(REQUIRED ACTION): What you produce should be an exact transcription of the data, minus any pictures.

(EXERCISE DATA):
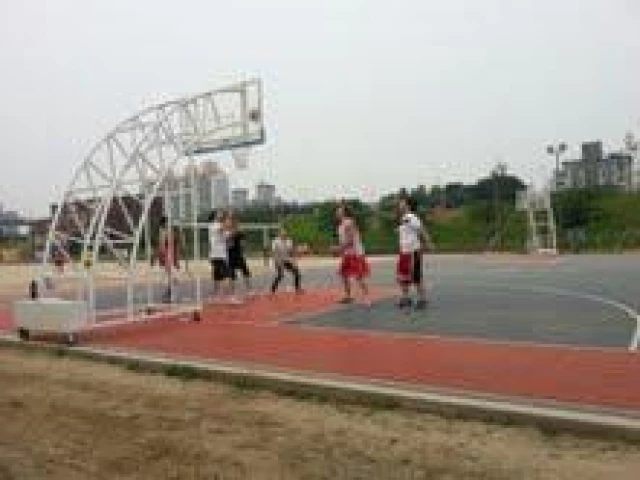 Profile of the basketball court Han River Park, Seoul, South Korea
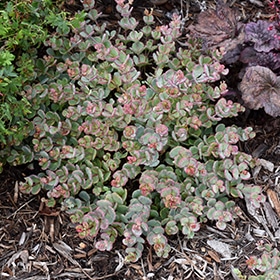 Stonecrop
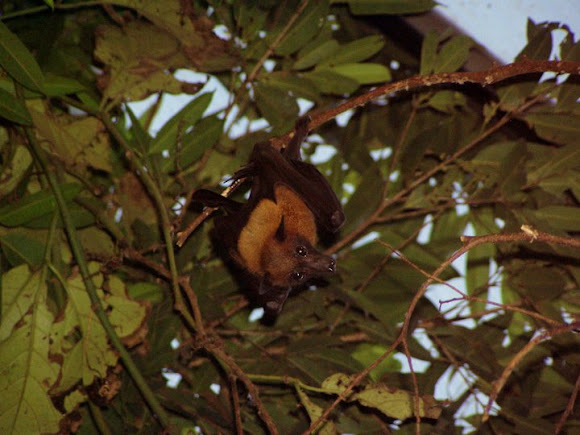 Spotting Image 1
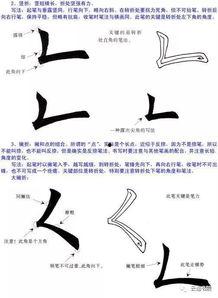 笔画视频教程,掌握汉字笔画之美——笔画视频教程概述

(ANSWER):
 Profile of the basketball court Han River Park, Seoul, South Korea
 Stonecrop
 Spotting Image 1
 笔画视频教程,掌握汉字笔画之美——笔画视频教程概述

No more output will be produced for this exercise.